Certain language used by the FCA and people around it would I think horrify your constituents, Mr Chope, as it would mine. The FCA suggests that only “sophisticated” investors should have access to crowdfunding; in other words, those who have a relatively high net worth. The FCA’s consultation paper makes a distinction between retail and sophisticated investors. That kind of language makes me nervous, because it is insulting to ordinary people, suggesting that they do not know how best to invest a little bit of money.

My constituents can go down to a bookie’s, play fixed-odds betting, and lose thousands in a day. Those machines are dreadful things, and I have campaigned against them. My constituents can also go next door and borrow money at ruinous rates of interest from payday lenders. They can go online to gamble and, especially at Christmas, spend a lot of money that they do not really have. Why should ordinary people not be able to put a fiver, £10 or even £50—small amounts—in something that they think will grow?

I will give an example that might interest you, Mr Chope. A plethora of universities are now getting into crowdfunding. If your university is like mine, Mr Chope, the only time you hear from them is when they want some money. That angers a lot of people, because that is the only communication that they have with their alma mater; I am looking at the hon. Member for Cambridge (Dr Huppert) on that.

Crowdfunding allows universities such as the university of Huddersfield—university of the year last year and entrepreneurial university of the year the year before—to be able to have a crowdfunding relationship, so that when graduates and postgraduates come through, they can say, “Not only can we help you find the money for your start-up business, our first port of call is our alumni, who might want to invest back in a new generation of entrepreneurs coming out of their university.” There is so much excitement here.

There is a common-sensical way of having regulation that does not cause damage.

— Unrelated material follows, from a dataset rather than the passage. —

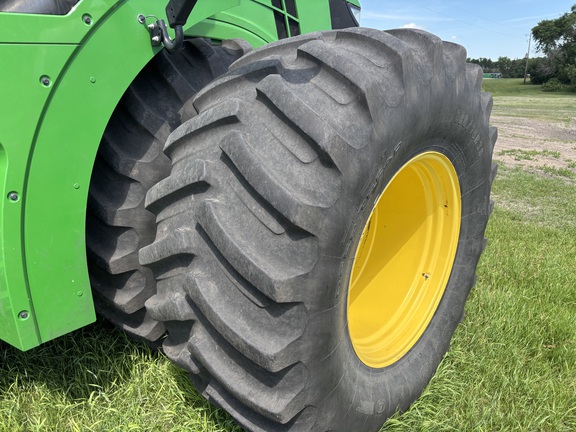 2019 John Deere 9520R Tractor 4WD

I want to make it clear today that there has been a good dialogue with the FCA. I hope that it is listening to what we are saying. I also hope that the Treasury, the Department for Business, Innovation and Skills and all the other people in government who know about the issue will learn about it and realise the enormous potential for growth in the British economy.

Crowdfunding can bring communities back to life. Political parties have hardly any membership. There are low levels of voting in general and local elections. Here is something through the social media—look at 38 Degrees and its achievements—that will reinvigorate our communities, grow them and make them wealthier, and will be a new way of funding social and economic activity in our country.

Christopher Chope Portrait Mr Christopher Chope (in the Chair)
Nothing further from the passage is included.